<!--
%\VignetteIndexEntry{03.2 Organizing Code in Functions, Files ,and Packages}
%\VignettePackage{LearnBioconductor}
%\VignetteEngine{knitr::knitr}
-->

```{r setup, echo=FALSE}
library(LearnBioconductor)
stopifnot(BiocInstaller::biocVersion() == "3.0")
```

```{r style, echo = FALSE, results = 'asis'}
BiocStyle::markdown()
```

# Organizing Code in Functions, Files ,and Packages

Martin Morgan<br/>
October 29, 2014

## Programming

_R_ is a programming language

- Your own functions

  ```{r fun}
  fun <- function(n) {
      x <- rnorm(n)
      y <- x + rnorm(n, sd=.5)
      lm(y ~ x)
  }
  ```

    - Check out the _RStudio_ function wizard!

- Iteration

  ```{r iteration, eval=FALSE}
  ## 'side effects'
  for (i in 1:10)
      message(i)

  ## result for subsequent computation
  sapply(1:10, function(i) {
      sum(rnorm(1000))
  })
  ```
  
    - Other iteration paradigms: `lapply()`, `apply()`, `mapply() / Map()`.

- Conditional execution

  ```{r conditional, eval=FALSE}
  sapply(1:10, function(i)) {
      if (sum(rnorm(1000)) > 0) {
          "hi!"
      } else {
          "low!"
      }
  })
  ```

## From script to package

Scripts contain a combination of data and transformations. Often the
transformations are idiosyncratic, and rely heavily on functions
provided by various packages. Sometimes the script contains a useful
chunk of code that could be reused in different places. Examples we've
encountered in this course might include GC-content of DNA sequences
(or is there a function for that already? check out `r
Biocpkg("Biostrings")`!) and creating a simple 'map' from one type of
annotation to another.

It is easy and beneficial to create a package. 

- Only need to think carefully about how to implement the function once.
- Code in the package is reused -- if you correct an error, then all
  your scripts automatically benefit.
- Share with your lab mates / colleagues for consistent results, and
  with the wider community for fame and glory.
  
What is an _R_ package?

- Simple directory structure of required files. Minimal:

        MyPackage
        |-- DESCRIPTION (title, author, version, etc.)
        |-- NAMESPACE (imports / exports)
        |-- R (R function definitions)
            |-- gc.R
            |-- annoHelper.R
        |-- man (help pages)
            |-- MyPackage.Rd
            |-- gc.Rd
            |-- annoHelper.Rd
  
Check out the _Rstudio_ package wizard!

## Lab

### GC-content

Write a function that takes a `DNAStringSet` and returns the GC content.
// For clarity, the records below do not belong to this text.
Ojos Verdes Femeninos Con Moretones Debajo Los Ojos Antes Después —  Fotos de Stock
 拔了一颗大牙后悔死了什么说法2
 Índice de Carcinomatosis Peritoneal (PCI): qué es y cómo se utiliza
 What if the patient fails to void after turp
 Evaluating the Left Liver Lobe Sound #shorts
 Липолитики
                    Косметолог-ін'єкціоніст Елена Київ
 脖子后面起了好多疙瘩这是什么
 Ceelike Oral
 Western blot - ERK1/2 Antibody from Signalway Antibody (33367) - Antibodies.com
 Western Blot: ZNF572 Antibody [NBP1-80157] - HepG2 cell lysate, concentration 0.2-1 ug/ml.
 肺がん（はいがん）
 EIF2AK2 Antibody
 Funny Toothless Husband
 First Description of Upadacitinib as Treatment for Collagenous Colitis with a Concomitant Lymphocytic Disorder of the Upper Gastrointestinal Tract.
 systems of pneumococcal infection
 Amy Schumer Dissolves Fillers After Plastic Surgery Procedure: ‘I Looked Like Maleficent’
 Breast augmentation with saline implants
Modify the function using a conditional statement to work whether
provided a `DNAString` or a `DNAStringSet`. Test the function.

Save the function in a file on your AMI.

### Annotation-helper

Write a function that takes as its argument Ensembl gene identifiers
(like the `rownames()` of the _SummarizedExperiment_ object in the
RNASeq vignette yesterday) and uses the `select()` method and
annotation package `r Biocannopkg("org.Hs.eg.db")` to return a named
character vector, where the names of the vector are the Ensembl
identifiers and the values are the corresponding gene SYMBOLs. Adopt
some simple-to-implement policy for handling Ensembl identifiers that
map to more than one gene symbol. Save this function to another file

### A package

Use the _RStudio_ wizard to create a package from the files containing
your GC-content and annotation-helper functions.